Data section —
--------------------------------------------------

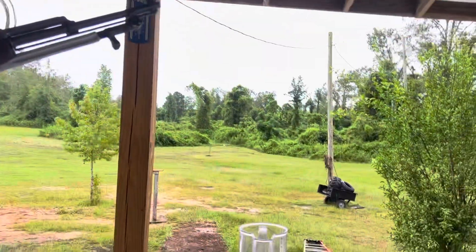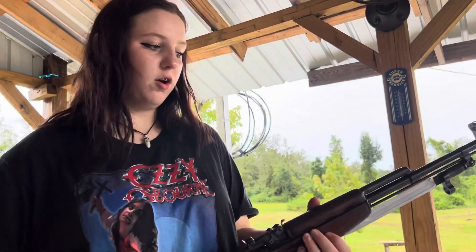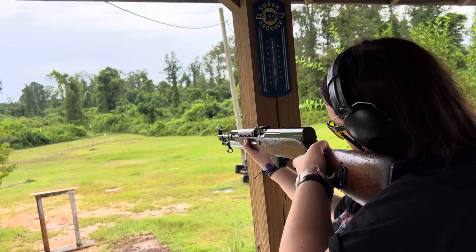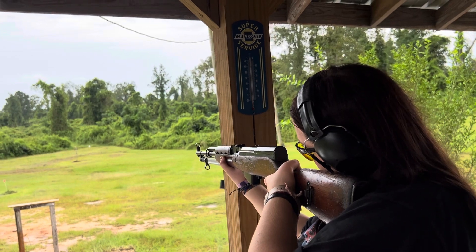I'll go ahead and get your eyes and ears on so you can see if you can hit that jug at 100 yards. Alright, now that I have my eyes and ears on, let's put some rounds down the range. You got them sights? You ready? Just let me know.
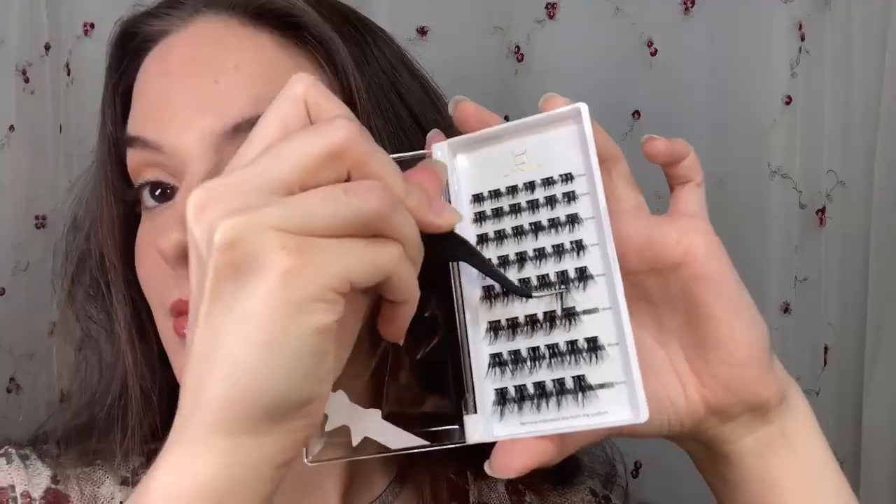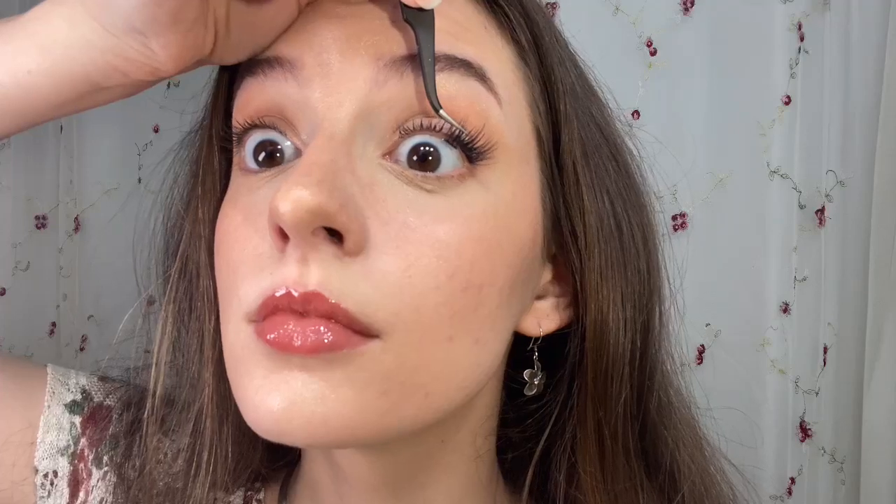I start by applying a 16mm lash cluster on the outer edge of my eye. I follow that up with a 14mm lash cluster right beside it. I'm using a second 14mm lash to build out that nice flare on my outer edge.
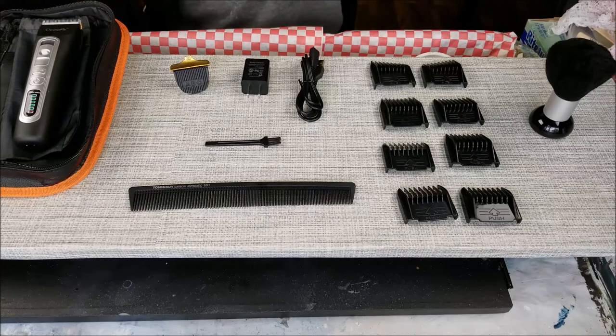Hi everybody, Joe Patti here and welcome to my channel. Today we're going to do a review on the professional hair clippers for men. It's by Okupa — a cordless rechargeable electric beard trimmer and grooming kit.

--------------------------------------------------

Activity — The response should be the full material, repeated exactly, with images removed.

Result below —
I'll go ahead and get your eyes and ears on so you can see if you can hit that jug at 100 yards. Alright, now that I have my eyes and ears on, let's put some rounds down the range. You got them sights? You ready? Just let me know.
I start by applying a 16mm lash cluster on the outer edge of my eye. I follow that up with a 14mm lash cluster right beside it. I'm using a second 14mm lash to build out that nice flare on my outer edge.
Hi everybody, Joe Patti here and welcome to my channel. Today we're going to do a review on the professional hair clippers for men. It's by Okupa — a cordless rechargeable electric beard trimmer and grooming kit.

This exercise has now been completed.